• PROBLEM REQUIREMENTS: Instruction for the entries below: return the part that opens with the line containing "Hello viewers, welcome" and closes with the line containing "Ransom runs a", exactly, and no pictures.

• GIVEN ENTRIES:
-- Opening Marker --

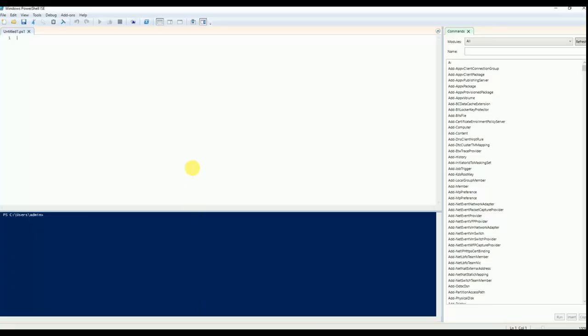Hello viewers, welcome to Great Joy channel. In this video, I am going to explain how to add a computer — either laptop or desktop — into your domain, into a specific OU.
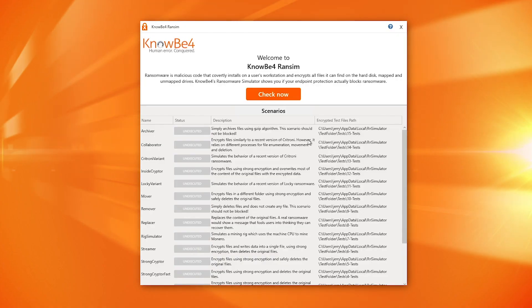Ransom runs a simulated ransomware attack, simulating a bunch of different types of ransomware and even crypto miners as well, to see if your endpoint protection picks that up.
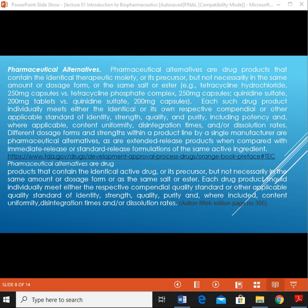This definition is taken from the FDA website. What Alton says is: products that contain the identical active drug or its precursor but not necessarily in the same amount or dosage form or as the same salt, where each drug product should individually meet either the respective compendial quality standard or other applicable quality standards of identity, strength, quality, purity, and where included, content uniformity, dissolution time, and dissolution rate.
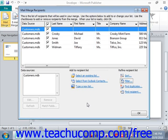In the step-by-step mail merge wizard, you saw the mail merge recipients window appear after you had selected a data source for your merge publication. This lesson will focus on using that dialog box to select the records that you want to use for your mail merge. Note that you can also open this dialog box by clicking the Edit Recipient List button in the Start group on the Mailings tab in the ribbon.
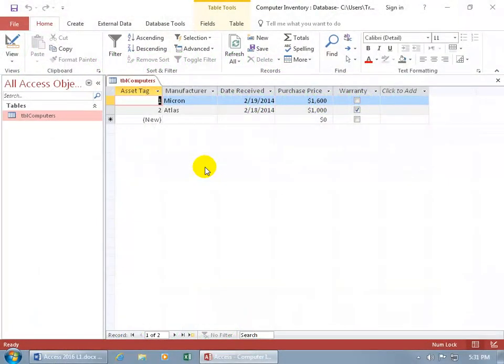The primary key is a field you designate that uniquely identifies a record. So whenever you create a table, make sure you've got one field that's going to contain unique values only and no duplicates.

-- Closing Marker --
-- Opening Marker --

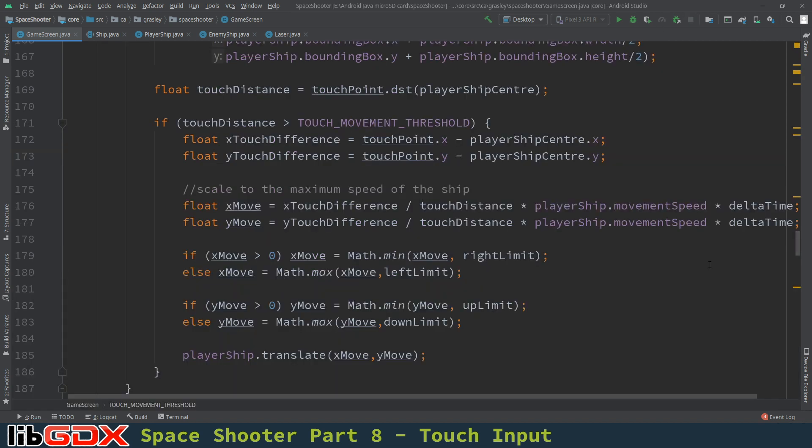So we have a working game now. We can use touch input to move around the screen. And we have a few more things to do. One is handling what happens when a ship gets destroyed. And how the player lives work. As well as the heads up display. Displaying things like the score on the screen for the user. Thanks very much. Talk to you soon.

-- Closing Marker --

• YOUR RESPONSE:
Hello viewers, welcome to Great Joy channel. In this video, I am going to explain how to add a computer — either laptop or desktop — into your domain, into a specific OU.
Ransom runs a simulated ransomware attack, simulating a bunch of different types of ransomware and even crypto miners as well, to see if your endpoint protection picks that up.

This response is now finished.